- [INPUT DATA]:
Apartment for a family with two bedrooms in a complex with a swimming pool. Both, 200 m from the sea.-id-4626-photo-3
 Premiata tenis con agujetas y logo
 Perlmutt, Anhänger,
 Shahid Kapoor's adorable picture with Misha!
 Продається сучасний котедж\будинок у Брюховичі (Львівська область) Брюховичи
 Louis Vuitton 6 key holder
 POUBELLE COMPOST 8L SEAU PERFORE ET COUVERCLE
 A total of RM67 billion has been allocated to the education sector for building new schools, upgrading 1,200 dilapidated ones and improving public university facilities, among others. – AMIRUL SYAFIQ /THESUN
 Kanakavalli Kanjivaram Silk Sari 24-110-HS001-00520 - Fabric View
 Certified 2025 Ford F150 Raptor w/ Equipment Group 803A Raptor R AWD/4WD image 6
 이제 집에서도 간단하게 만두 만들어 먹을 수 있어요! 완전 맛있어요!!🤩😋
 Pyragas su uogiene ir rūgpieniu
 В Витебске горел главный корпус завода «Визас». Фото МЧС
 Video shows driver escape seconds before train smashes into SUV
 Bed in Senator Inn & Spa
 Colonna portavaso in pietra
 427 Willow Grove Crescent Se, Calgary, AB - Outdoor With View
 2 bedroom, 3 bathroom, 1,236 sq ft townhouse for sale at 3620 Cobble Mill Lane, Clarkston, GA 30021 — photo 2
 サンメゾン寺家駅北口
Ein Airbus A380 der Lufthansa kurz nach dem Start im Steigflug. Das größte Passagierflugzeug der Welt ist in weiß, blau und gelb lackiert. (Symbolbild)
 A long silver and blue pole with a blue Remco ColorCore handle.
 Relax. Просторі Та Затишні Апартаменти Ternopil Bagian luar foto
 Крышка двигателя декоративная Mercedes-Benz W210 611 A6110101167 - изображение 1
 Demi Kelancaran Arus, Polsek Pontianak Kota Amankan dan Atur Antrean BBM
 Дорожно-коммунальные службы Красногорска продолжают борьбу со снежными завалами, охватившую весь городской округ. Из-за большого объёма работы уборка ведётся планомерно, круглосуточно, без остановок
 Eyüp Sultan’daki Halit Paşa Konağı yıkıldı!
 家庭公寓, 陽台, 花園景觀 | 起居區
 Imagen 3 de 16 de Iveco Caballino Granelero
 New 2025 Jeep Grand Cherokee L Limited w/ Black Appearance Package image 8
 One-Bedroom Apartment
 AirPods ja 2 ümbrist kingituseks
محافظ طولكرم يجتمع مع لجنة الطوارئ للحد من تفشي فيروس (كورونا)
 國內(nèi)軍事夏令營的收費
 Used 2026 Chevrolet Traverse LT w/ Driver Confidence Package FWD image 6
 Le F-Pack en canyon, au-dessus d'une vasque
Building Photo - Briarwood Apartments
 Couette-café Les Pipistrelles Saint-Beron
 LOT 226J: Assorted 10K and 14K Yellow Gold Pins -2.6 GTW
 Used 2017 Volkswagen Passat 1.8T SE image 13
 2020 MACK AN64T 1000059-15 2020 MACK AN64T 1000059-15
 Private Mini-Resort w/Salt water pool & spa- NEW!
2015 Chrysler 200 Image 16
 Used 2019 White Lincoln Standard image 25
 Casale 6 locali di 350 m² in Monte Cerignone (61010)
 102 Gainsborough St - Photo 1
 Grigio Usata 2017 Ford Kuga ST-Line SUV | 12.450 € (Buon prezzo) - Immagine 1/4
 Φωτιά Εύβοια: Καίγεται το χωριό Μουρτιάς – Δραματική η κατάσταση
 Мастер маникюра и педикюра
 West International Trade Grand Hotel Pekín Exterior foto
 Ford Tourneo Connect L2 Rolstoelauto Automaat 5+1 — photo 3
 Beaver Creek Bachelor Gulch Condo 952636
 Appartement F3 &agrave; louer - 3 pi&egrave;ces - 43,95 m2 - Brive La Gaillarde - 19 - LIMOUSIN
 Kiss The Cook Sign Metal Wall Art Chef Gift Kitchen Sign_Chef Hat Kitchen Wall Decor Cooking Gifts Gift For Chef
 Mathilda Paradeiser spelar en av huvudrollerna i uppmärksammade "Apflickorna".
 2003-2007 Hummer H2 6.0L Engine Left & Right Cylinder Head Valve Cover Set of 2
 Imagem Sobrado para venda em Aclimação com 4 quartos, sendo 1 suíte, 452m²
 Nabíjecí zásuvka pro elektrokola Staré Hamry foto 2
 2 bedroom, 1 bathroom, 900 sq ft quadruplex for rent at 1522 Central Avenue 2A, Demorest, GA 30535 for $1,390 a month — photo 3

- [TASK OBJECTIVE]: Everything starting at the line containing "Продається сучасний котедж\будинок" and ending at the line containing "POUBELLE COMPOST 8L" in the records above should be repeated exactly, and only that.

- [ANSWER SPACE]:
 Продається сучасний котедж\будинок у Брюховичі (Львівська область) Брюховичи
 Louis Vuitton 6 key holder
 POUBELLE COMPOST 8L SEAU PERFORE ET COUVERCLE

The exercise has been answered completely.